On the surface, it’s a bit weightier than recent exhibits on mythical creatures and the mysteries of water.
But the new “Darwin” display at Fernbank Museum of Natural History, which opened Saturday and is stationed until January, allows plenty of perusing choices.
The hardcore science-minded might gravitate toward the model of a Glyptodon, an extinct armored relative of the armadillo roughly the size of a small electric car, or study the actual bone skeletons of a domestic bulldog and chimpanzee.
But those unsure of or uninterested in the Charles Darwin whose exhaustive research led to the theory of evolution and eventual publication of the still-controversial “The Origin of Species” can concentrate on Darwin, the human. This is a guy who got seasick on his five-year journey around the world, expressed his heartbreak when he received word of an old girlfriend marrying and eventually found a mate (his first cousin) and fathered 10 children.
“There’s more to Darwin than evolution,” said Lynn Anders, animal care program manager and a resident biology expert at the museum. “Through his observations and studies he was able to create this theory, but he was a man, a person, like everybody else.”
The Fernbank team is taking not necessarily a lighthearted approach to the exhibit, but one that spotlights the personality behind the facts. The tagline on posters advertising “Darwin” read “Scientist. Naturalist. Serious To Do List,” while the father of evolution has his own museum-related Twitter handle — @DarwinPosse.
A walk through the comprehensive display, which is organized by the American Museum of Natural History in New York and is making its first appearance in the South after a six-year wait, provides details on Darwin’s childhood — his mother died when he was 8, he didn’t fare well in school and his father, a physician, never cottoned to his obsession with beetles, fossils and magnifying glasses — through the publication of “Origin” in 1859.
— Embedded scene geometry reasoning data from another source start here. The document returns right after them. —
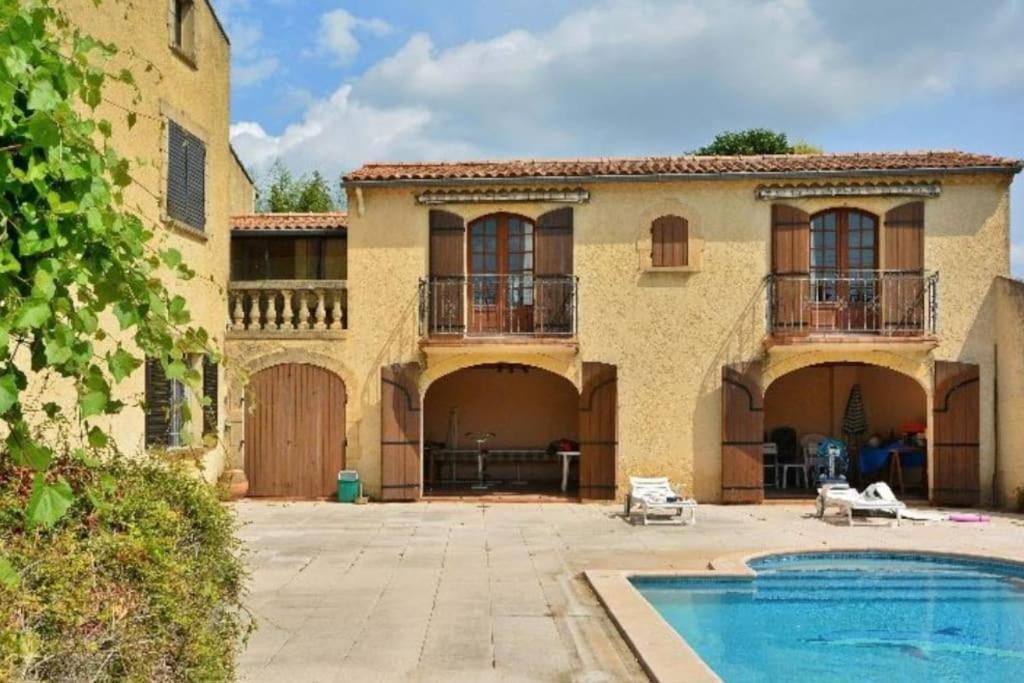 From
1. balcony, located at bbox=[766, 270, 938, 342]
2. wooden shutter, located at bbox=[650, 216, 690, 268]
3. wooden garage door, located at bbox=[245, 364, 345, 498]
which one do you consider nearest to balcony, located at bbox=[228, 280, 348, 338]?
wooden garage door, located at bbox=[245, 364, 345, 498]

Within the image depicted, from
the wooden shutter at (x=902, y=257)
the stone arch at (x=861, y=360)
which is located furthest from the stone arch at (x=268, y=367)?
the wooden shutter at (x=902, y=257)

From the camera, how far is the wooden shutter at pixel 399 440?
1673 cm

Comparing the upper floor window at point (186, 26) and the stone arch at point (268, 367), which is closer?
the upper floor window at point (186, 26)

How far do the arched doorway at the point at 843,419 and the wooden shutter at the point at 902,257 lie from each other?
2429 millimetres

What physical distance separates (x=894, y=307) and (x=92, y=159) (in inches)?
615

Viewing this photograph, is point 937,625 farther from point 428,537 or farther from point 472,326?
point 472,326

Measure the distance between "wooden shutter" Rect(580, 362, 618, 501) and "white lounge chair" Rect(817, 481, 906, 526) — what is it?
3.62m

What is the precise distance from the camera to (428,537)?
12.9 metres

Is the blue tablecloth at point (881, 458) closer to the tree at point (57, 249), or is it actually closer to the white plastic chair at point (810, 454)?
the white plastic chair at point (810, 454)

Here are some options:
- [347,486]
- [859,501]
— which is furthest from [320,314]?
[859,501]

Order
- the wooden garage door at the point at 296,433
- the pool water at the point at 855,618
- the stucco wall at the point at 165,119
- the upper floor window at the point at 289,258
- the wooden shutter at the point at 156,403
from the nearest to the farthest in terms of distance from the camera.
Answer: the pool water at the point at 855,618 < the stucco wall at the point at 165,119 < the wooden shutter at the point at 156,403 < the wooden garage door at the point at 296,433 < the upper floor window at the point at 289,258

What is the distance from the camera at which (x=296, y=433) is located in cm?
1708

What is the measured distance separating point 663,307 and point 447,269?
396 cm

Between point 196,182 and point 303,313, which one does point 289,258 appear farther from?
point 196,182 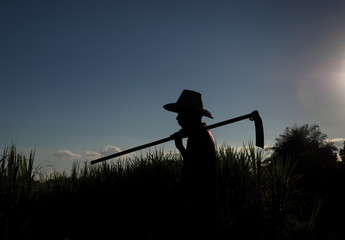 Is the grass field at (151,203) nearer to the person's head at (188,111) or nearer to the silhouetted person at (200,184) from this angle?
the silhouetted person at (200,184)

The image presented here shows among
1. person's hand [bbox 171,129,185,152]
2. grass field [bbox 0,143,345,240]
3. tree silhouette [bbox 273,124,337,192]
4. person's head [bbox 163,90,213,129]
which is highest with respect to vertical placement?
tree silhouette [bbox 273,124,337,192]

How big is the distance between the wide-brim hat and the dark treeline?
6.37 ft

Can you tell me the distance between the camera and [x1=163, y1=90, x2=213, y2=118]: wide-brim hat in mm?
3929

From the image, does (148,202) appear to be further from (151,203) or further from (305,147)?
(305,147)

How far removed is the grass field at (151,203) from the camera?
169 inches

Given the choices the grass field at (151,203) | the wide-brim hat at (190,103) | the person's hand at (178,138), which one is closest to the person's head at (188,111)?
the wide-brim hat at (190,103)

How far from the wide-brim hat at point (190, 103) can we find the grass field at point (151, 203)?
190 cm

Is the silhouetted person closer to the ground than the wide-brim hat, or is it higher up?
closer to the ground

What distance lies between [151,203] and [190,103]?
2.86 metres

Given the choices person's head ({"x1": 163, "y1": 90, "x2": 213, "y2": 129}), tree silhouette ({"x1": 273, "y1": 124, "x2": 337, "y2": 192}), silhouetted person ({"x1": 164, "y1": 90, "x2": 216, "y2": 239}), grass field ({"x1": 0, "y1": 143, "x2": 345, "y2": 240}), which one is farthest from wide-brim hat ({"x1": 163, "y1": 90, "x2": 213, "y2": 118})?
tree silhouette ({"x1": 273, "y1": 124, "x2": 337, "y2": 192})

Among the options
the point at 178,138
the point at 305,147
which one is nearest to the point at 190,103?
the point at 178,138

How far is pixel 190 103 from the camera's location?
4074 mm

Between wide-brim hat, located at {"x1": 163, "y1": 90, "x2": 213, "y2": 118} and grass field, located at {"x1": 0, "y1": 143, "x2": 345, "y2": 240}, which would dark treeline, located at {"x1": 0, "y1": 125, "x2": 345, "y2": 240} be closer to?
grass field, located at {"x1": 0, "y1": 143, "x2": 345, "y2": 240}

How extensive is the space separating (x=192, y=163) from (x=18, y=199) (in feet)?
9.12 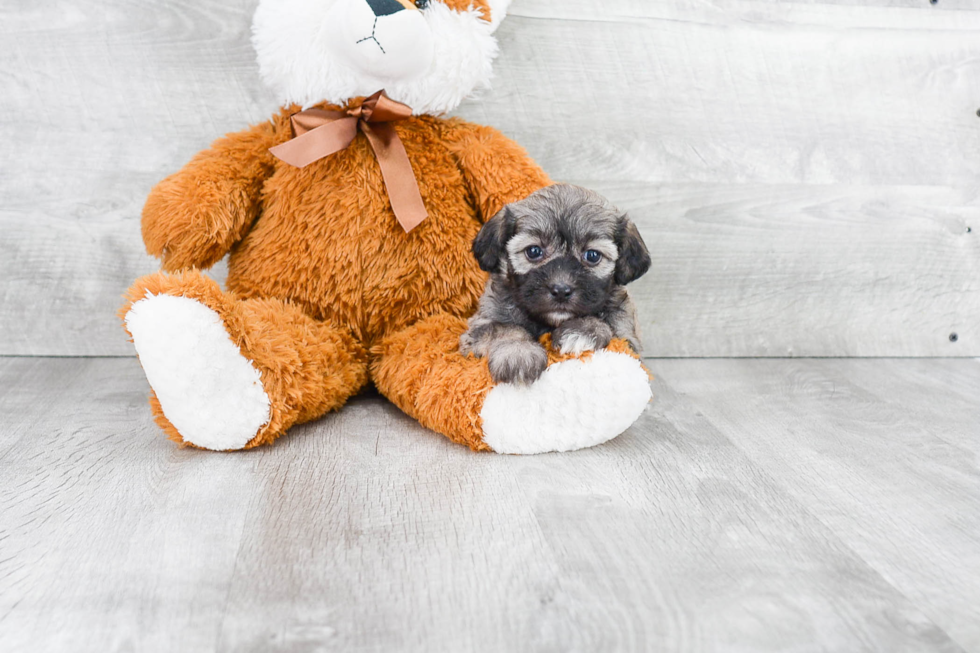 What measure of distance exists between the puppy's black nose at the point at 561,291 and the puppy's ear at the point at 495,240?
15 cm

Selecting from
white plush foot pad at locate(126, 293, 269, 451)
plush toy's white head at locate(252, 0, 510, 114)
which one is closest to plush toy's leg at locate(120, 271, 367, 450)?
white plush foot pad at locate(126, 293, 269, 451)

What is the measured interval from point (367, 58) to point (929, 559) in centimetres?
133

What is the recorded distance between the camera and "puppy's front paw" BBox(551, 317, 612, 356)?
1486 millimetres

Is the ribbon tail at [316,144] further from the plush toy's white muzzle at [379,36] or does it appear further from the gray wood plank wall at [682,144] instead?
the gray wood plank wall at [682,144]

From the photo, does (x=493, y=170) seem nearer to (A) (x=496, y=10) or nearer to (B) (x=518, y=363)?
(A) (x=496, y=10)

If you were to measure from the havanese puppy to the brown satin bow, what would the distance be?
0.22 m

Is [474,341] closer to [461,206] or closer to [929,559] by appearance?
[461,206]

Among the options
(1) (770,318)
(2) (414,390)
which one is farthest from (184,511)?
(1) (770,318)

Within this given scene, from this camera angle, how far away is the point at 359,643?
937 mm

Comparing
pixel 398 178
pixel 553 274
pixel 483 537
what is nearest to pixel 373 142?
pixel 398 178

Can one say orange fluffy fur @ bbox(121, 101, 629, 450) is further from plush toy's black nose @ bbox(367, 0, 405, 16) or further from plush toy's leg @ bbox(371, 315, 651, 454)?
plush toy's black nose @ bbox(367, 0, 405, 16)

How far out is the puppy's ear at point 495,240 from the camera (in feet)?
5.00

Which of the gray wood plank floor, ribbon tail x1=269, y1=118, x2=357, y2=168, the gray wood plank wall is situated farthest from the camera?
the gray wood plank wall

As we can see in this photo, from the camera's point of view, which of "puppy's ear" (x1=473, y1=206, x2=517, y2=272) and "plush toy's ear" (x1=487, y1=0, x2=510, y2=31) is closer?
"puppy's ear" (x1=473, y1=206, x2=517, y2=272) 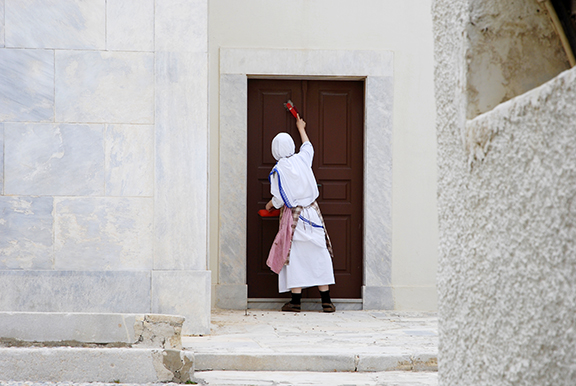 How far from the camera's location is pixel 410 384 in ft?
12.7

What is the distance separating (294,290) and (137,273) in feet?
7.15

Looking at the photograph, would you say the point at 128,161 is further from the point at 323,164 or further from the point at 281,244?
the point at 323,164

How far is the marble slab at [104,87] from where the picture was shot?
16.4 ft

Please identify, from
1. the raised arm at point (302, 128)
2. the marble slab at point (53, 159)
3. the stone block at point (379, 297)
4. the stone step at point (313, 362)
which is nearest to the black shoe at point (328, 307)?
the stone block at point (379, 297)

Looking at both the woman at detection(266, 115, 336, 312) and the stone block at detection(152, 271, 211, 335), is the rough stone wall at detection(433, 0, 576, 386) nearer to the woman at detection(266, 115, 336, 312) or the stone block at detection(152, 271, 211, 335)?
the stone block at detection(152, 271, 211, 335)

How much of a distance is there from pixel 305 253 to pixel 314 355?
2.36m

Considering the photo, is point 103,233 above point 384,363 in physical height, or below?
above

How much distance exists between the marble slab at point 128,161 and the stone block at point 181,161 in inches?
3.8

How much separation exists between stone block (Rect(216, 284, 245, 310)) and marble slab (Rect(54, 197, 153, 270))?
189 cm

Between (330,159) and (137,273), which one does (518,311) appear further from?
(330,159)

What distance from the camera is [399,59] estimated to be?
699cm

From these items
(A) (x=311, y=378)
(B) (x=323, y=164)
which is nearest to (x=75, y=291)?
(A) (x=311, y=378)

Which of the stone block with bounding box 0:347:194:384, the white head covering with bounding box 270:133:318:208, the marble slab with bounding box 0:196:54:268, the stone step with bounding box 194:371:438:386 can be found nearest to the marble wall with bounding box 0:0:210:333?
the marble slab with bounding box 0:196:54:268

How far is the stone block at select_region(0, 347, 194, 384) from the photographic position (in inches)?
137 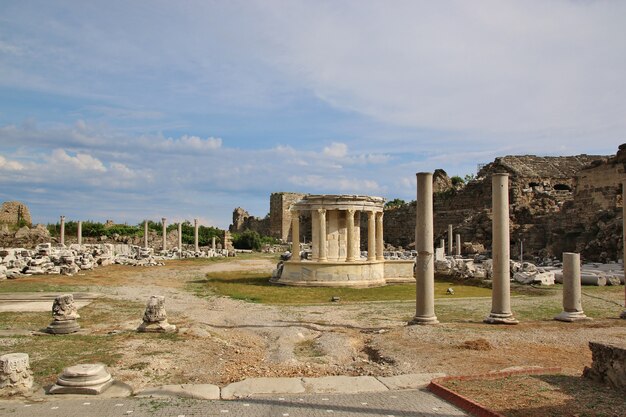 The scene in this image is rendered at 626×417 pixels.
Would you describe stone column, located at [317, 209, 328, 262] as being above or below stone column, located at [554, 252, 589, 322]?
above

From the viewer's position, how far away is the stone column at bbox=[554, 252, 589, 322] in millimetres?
13438

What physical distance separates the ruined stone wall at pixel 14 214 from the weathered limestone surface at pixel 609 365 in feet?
190

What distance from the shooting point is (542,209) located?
40.7 meters

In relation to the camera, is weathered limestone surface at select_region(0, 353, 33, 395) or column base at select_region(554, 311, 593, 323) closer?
weathered limestone surface at select_region(0, 353, 33, 395)

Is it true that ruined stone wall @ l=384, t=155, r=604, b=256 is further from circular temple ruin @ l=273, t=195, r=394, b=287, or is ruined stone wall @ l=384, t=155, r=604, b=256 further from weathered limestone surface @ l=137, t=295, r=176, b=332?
weathered limestone surface @ l=137, t=295, r=176, b=332

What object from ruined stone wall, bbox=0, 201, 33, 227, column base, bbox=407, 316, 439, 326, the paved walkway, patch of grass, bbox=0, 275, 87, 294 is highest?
ruined stone wall, bbox=0, 201, 33, 227

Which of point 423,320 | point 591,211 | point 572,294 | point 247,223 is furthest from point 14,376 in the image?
point 247,223

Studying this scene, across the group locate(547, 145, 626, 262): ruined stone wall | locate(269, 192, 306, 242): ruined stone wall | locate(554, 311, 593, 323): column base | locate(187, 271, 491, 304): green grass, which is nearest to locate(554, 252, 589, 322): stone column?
locate(554, 311, 593, 323): column base

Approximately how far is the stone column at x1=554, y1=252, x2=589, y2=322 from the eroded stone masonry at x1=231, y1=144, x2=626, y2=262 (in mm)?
15513

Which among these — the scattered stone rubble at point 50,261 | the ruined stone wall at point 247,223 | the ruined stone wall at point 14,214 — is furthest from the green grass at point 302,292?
the ruined stone wall at point 247,223

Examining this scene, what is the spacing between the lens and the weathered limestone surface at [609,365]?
22.8 ft

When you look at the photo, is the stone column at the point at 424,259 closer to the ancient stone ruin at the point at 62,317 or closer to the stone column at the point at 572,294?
the stone column at the point at 572,294

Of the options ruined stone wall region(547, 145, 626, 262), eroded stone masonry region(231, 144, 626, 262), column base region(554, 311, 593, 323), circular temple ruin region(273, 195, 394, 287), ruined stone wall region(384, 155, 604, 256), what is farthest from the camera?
ruined stone wall region(384, 155, 604, 256)

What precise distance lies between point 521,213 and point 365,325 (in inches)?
1206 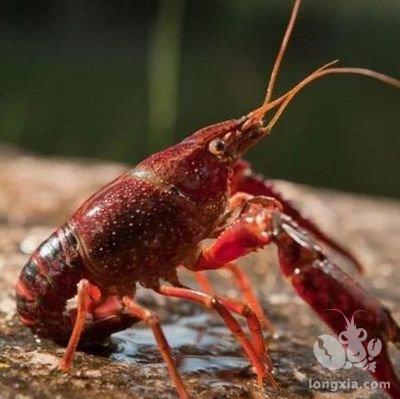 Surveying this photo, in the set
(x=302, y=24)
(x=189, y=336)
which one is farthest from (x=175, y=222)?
(x=302, y=24)

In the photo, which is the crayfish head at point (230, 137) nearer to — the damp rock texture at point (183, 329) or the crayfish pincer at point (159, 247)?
the crayfish pincer at point (159, 247)

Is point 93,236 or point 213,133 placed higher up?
point 213,133

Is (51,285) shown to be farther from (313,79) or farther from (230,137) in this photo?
(313,79)

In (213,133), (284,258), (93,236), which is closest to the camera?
(284,258)

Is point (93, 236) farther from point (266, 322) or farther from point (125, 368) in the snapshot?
point (266, 322)

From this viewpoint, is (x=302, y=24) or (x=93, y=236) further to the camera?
(x=302, y=24)

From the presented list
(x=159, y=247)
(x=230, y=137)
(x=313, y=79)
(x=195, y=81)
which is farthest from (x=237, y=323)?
(x=195, y=81)

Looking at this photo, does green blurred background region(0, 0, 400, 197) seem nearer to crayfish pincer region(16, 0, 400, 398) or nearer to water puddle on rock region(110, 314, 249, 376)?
water puddle on rock region(110, 314, 249, 376)

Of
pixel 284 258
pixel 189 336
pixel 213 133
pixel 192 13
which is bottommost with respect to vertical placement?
pixel 189 336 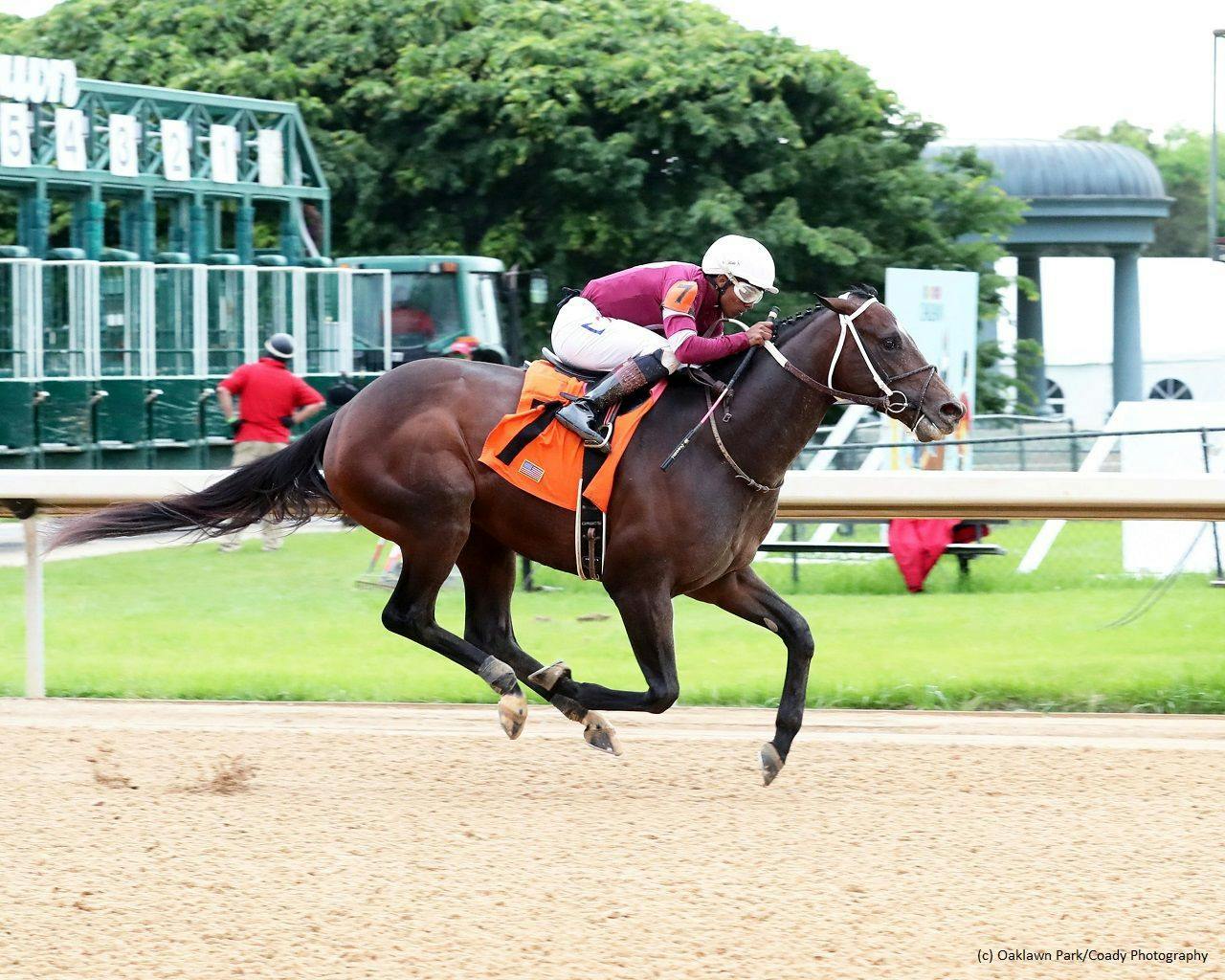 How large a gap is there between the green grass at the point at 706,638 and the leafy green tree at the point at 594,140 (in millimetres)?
14079

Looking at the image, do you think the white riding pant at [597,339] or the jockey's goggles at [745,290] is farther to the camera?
the white riding pant at [597,339]

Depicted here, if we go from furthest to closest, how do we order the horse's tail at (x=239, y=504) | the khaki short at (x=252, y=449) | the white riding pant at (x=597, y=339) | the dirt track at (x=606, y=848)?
1. the khaki short at (x=252, y=449)
2. the horse's tail at (x=239, y=504)
3. the white riding pant at (x=597, y=339)
4. the dirt track at (x=606, y=848)

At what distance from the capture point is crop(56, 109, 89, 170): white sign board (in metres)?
20.1

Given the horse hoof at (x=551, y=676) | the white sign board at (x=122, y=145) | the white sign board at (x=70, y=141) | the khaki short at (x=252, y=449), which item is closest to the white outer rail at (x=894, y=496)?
the horse hoof at (x=551, y=676)

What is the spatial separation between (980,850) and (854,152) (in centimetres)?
2318

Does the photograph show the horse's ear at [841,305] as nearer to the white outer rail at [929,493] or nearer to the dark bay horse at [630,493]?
the dark bay horse at [630,493]

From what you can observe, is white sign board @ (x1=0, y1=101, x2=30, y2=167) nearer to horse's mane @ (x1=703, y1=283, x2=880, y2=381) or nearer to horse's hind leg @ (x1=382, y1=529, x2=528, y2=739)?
horse's hind leg @ (x1=382, y1=529, x2=528, y2=739)

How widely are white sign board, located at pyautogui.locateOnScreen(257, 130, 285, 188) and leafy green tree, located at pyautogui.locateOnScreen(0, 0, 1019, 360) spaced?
170 inches

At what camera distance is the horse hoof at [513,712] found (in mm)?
6336

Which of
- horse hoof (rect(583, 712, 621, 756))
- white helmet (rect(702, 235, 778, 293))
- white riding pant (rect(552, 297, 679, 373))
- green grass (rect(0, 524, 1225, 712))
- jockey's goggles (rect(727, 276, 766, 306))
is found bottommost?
green grass (rect(0, 524, 1225, 712))

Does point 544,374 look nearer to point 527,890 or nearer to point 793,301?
point 527,890

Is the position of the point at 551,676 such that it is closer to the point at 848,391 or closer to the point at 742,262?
the point at 848,391

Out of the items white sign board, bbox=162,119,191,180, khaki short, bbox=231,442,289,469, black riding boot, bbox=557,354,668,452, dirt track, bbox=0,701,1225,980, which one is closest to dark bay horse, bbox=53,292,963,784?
black riding boot, bbox=557,354,668,452

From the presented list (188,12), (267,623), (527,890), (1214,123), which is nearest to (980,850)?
(527,890) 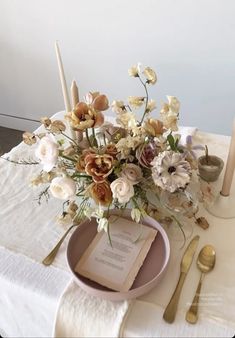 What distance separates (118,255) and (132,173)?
0.66 ft

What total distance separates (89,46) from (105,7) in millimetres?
258

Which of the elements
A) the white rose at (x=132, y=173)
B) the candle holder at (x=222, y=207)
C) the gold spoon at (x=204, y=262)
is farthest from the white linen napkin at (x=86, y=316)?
the candle holder at (x=222, y=207)

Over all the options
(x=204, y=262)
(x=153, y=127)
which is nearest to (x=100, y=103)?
(x=153, y=127)

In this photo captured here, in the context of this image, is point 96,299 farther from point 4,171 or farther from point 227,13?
point 227,13

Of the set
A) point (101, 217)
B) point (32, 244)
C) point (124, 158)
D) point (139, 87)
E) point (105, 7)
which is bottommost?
point (139, 87)

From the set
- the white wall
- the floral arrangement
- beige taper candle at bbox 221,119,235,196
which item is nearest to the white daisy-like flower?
the floral arrangement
As expected, the majority of the sprawling, multi-room presentation concentrates on his five-year expedition on the HMS Beagle — from 1831-36 — a trip his father nearly prohibited him from joining.
Some highlights of “Darwin”:
● A look at an intensely scaled-down model of the Beagle, on which Darwin slept in a hammock over a table and shared a 10-by-11-foot cabin with two other men. His complaints about seasickness are clearly warranted.
● Iggy, a 6-year-old, 5-pound female iguana will gaze intently at visitors until you’re certain she’s going to talk. The local iguana represents Darwin’s fascination with the lizards that he discovered on his first trip to South America. Don’t miss the horned frogs in this exhibit room — they can be hard to spot.
● Replicas of blue-footed boobies, black marine iguanas known to sun themselves on black rocks, giant tortoises and a mini octopus in a glass jar give patrons an idea of what Darwin experienced during his life-changing visit to the Galapagos.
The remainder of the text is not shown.